This is a very interesting problem with some very surprising and eye-opening viewpoints. For example, in an interesting article titled “Stop Thinking About Consent: It isn’t possible and it isn’t right”, digital privacy philosopher Helen Nissenbaum argues that organizations are not able to produce a fully transparent consent notice because, in the dynamic world of new technologies, they simply cannot establish with certainty how exactly the gathered data will be used. What’s more, consenting to data processing is often necessary to use a given website. She believes that in the topic of privacy, there is something called “an appropriate flow of information”. In other words, we should limit privacy requirements by default to the extent it’s needed to facilitate communication between two parties.

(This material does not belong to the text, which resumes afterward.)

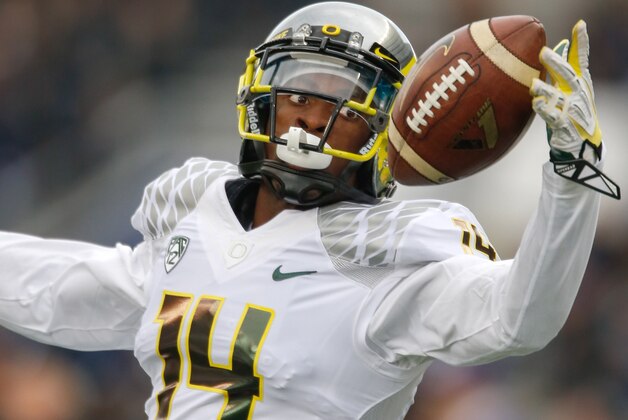 SEATTLE, WA - OCTOBER 12:  Cornerback Ifo Ekpre-Olomu #14 of the Oregon Ducks warms up prior to the game against the Washington Huskies on October 12, 2013 at Husky Stadium in Seattle, Washington.  (Photo by Otto Greule Jr/Getty Images)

What are some things you can do?

From the service provider’s standpoint, you should definitely verify if your terms of use, policies and other documents are easy to find and understand. The Keep It Short and Sweet or KISS principle is useful here – it should not be any longer than it has to be.

In addition to that:

• the language should be clear and the data processing documents should include information on data retention time, metadata, user rights as well as where and when the data is processed,
• graphics can make it easier for users to understand the content,
• a good practice is to list all the cookies and what they do,
• dating policy updates could make it easier for users to stay in the loop,
• you should also keep track of which users consent to which policy versions, informing those users about new updates,
• and an opt-out button for all the cookies should be readily available and clearly visible.

Do we have some methods of our own for that?

TSH response – the readability score

Other than these general improvements, you can also use a readability score tester to find out if your text content is easy to follow. I made the test in three different ways:

• by pasting a URL directly,
• by exporting the text to a file,
• by copying a piece of text.

Interestingly, the results slightly differ depending on the method. The direct method got the lowest score of 78%.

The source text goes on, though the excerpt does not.